Puisne Judge of the Supreme Court of New South Wales
- In office 8 July 1985 – 12 March 1999

Personal details
- Born: Peter Aloysius McInerney 9 April 1927
- Died: 1 August 2014 (aged 87)
- Citizenship: Australian
- Spouse: Jeanette Hardie
- Alma mater: University of Sydney
- Profession: Barrister Judge

= Peter McInerney =

Supreme Court judge of New South Wales, Australia (1927–2014)

Peter Aloysius McInerney (1927–2014) was an Australian barrister and New South Wales Supreme Court judge.

==Biography==
McInerney was born in Goulburn, New South Wales, the only child of grazier Leslie McInerney and his wife, Florence (née Smith). Forebears had farmed in the Southern Tablelands for more than 150 years, and Peter grew up on the family property, Moonyah, near Collector.

His initial education was by correspondence, then at the tiny Breadalbane Primary School. He completed his Leaving Certificate in 1945 at St.

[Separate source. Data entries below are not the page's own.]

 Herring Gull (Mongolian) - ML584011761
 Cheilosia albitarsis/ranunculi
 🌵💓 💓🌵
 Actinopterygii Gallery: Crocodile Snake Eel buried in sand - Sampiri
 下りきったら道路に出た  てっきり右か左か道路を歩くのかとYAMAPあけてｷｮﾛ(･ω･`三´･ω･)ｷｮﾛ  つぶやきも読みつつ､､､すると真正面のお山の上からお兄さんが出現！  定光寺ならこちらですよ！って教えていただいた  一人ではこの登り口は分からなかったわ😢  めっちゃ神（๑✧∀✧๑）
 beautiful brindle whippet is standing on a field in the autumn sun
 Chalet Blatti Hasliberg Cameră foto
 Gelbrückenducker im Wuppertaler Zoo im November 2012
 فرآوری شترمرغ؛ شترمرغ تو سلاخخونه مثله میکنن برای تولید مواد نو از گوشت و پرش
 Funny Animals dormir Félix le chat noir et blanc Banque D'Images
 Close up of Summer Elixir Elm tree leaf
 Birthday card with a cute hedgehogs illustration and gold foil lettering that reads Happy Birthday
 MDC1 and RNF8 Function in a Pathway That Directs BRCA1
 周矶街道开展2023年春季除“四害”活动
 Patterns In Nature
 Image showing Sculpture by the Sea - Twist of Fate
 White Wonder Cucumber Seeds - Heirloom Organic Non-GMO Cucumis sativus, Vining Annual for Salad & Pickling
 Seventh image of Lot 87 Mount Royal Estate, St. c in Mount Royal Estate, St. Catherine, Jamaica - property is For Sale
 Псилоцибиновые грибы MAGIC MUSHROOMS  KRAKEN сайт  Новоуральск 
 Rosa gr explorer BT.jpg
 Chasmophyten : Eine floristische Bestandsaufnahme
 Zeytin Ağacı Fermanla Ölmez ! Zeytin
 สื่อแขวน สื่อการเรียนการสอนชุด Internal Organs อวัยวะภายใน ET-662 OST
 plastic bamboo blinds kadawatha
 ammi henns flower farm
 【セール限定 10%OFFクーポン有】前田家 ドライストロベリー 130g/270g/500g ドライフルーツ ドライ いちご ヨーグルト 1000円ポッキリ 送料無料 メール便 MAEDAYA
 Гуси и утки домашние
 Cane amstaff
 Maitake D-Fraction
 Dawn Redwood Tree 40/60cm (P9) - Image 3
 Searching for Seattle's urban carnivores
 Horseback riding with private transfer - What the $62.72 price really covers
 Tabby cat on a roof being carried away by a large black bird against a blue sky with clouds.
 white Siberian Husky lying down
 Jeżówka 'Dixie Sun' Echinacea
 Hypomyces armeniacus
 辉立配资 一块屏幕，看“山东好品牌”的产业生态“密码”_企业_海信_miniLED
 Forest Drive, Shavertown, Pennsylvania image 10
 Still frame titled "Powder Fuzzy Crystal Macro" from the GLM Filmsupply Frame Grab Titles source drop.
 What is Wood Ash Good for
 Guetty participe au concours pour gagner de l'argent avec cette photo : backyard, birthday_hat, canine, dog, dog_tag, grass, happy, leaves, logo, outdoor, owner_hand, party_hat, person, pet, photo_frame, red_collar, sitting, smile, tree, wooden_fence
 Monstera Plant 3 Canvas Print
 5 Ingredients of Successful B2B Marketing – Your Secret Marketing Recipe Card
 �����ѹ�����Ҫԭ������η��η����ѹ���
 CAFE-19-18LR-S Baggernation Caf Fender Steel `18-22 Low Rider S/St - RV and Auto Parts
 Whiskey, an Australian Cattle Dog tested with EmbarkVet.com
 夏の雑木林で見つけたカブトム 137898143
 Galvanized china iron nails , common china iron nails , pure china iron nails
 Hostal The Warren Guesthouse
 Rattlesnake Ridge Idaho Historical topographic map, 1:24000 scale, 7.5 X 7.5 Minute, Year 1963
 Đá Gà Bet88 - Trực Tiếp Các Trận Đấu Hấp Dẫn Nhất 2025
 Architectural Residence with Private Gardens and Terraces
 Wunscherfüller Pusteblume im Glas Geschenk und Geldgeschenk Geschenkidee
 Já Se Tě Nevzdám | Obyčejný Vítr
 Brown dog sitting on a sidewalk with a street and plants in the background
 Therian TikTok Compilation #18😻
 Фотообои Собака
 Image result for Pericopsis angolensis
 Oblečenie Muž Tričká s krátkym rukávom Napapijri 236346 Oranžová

Joseph's College in Hunters Hill, where he led the senior debating team. He matriculated to receive a double degree in Arts and Law from the University of Sydney.

==Career==
===Legal career===
After graduation, McInerney commenced as an associate to New South Wales Supreme Court judges John Clancy and Cyril Walsh. He was admitted to the New South Wales Bar in 1955 and practised from Selborne Chambers focussing on common and criminal law. He represented many clients in the Newcastle and Broken Hill regions in industrial injury matters and appeared in a number of cases for battered women accused of murdering their husbands. He was a brilliant trial advocate, always meticulously prepared.

He was appointed a Queen's Counsel (QC) in 1974 and appeared for prisoners in the Nagle Royal Commission (1976–78) into the Bathurst prison riots.

===Judicial career===
He was appointed a judge of the Supreme Court of New South Wales in 1985. He presided over many high-profile trials including that of Gregory Allen Brown the Downunder Hostel arsonist.

In 1997, the long convicted sadistic murderer Kevin Crump successfully applied to the Supreme Court of NSW to convert his life sentence into a minimum term and an additional term. McInerney heard the appeal and maintained the severity of the initial term, sentencing Crump to a minimum term of 30 years and an additional term for the remainder of his life In February 2016, the NSW Court of Criminal Appeal dismissed Crump's application for leave to appeal McInerney's 1997 sentence determination.

===Other appointments===
McInerney was called out of retirement twice to head judicial inquiries into the Glenbrook (1999) and the Waterfall (2003) rail accidents.

==Personal life==
He married Jeanette Hardie in 1956, and the couple raised five children in Killara, New South Wales. For seventeen years he was president of The Australian Golf Club in Sydney.